* **The problem**
From the first line to the last, output the data exactly as it stands, minus its pictures.

* **Supplied material**
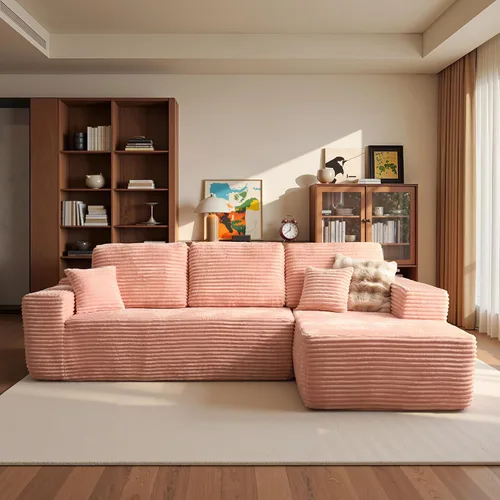 Miniatura 13 de ovios Sofá seccional Cloud de 96 pulgadas con chaise en forma de L, sofá modular moderno con asiento profundo, sofás tapizados para sala de estar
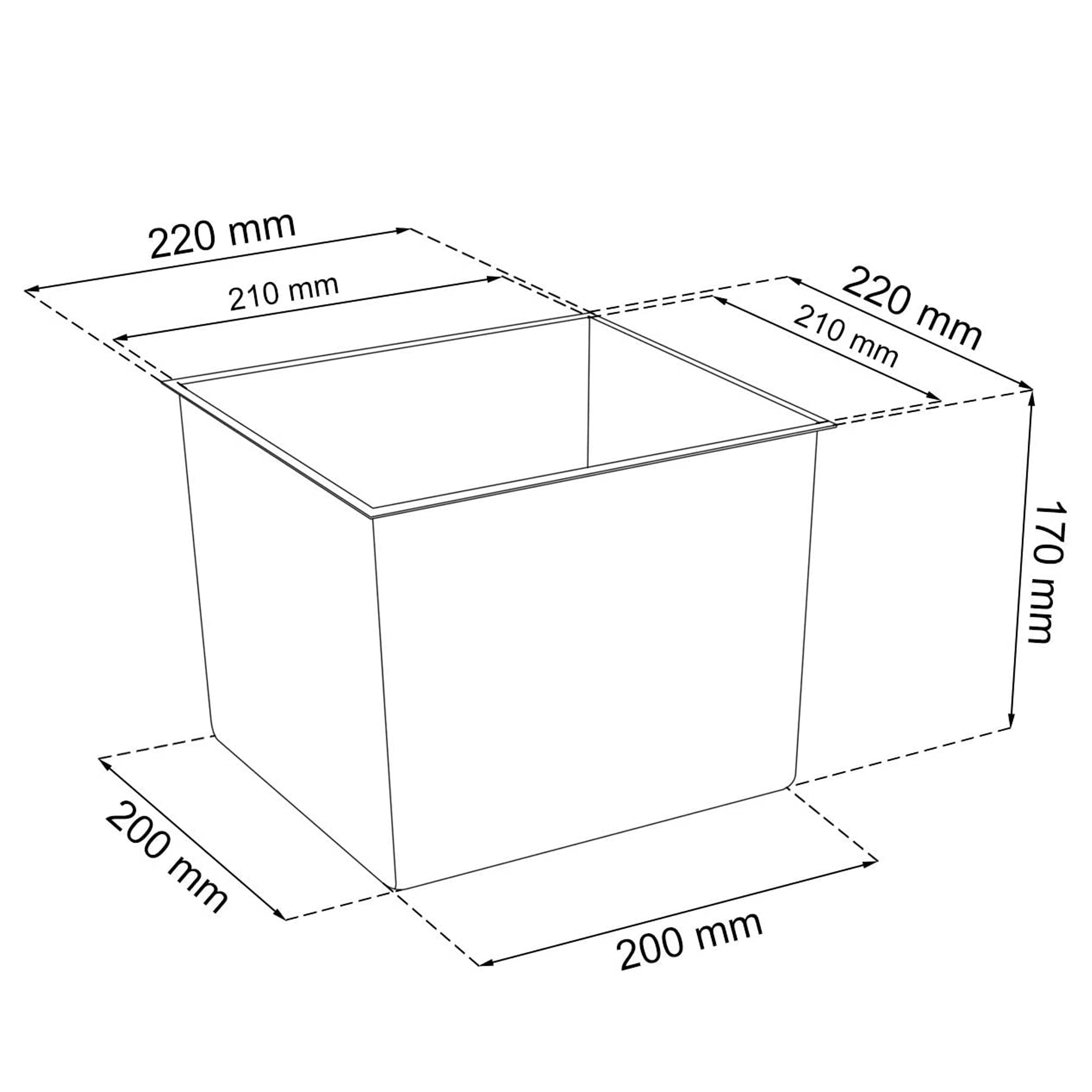 Pote alto 16,3 L Prosperplast Urbi Square Effect plástico COM tanque na cor Antracite, 42 (altura) x 22 (largura) x 22 (profundidade) cms - 4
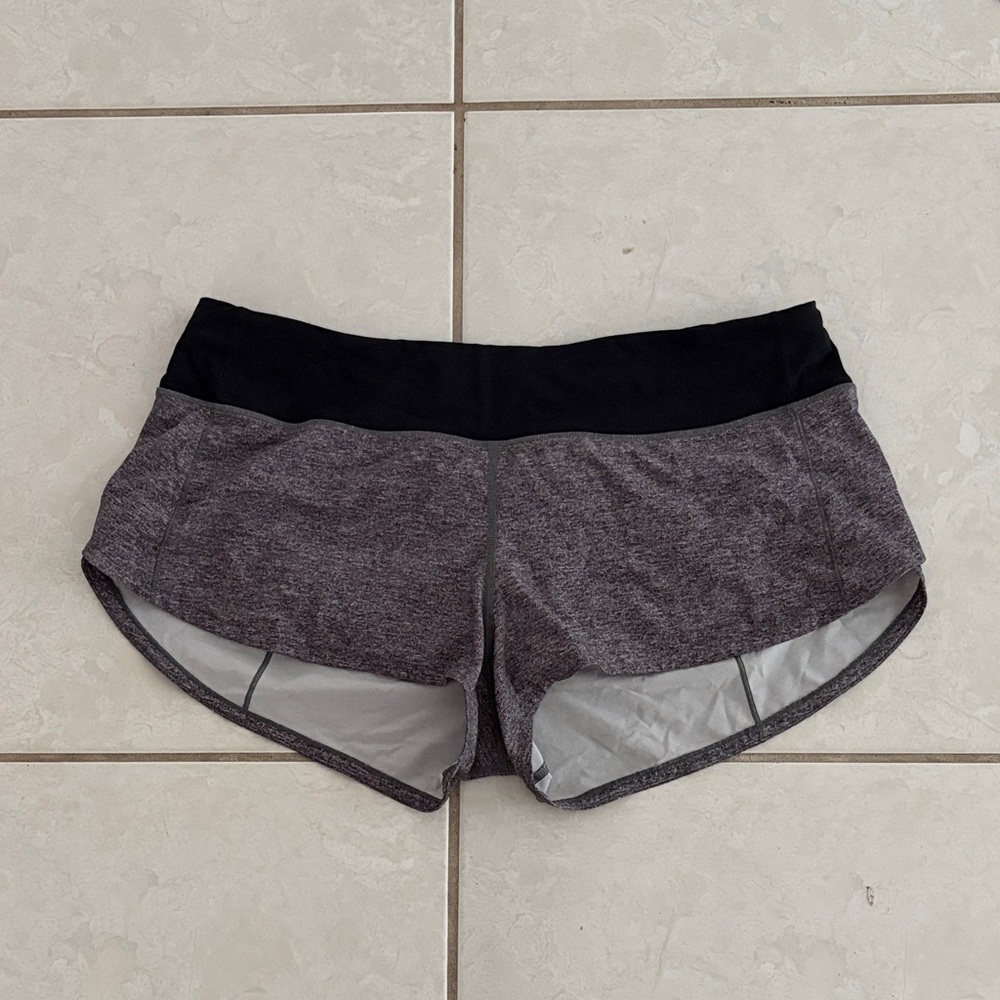lululemon athletica Black Waist Heather Gray Athletic Shorts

* **Written response**
 Miniatura 13 de ovios Sofá seccional Cloud de 96 pulgadas con chaise en forma de L, sofá modular moderno con asiento profundo, sofás tapizados para sala de estar
 Pote alto 16,3 L Prosperplast Urbi Square Effect plástico COM tanque na cor Antracite, 42 (altura) x 22 (largura) x 22 (profundidade) cms - 4
lululemon athletica Black Waist Heather Gray Athletic Shorts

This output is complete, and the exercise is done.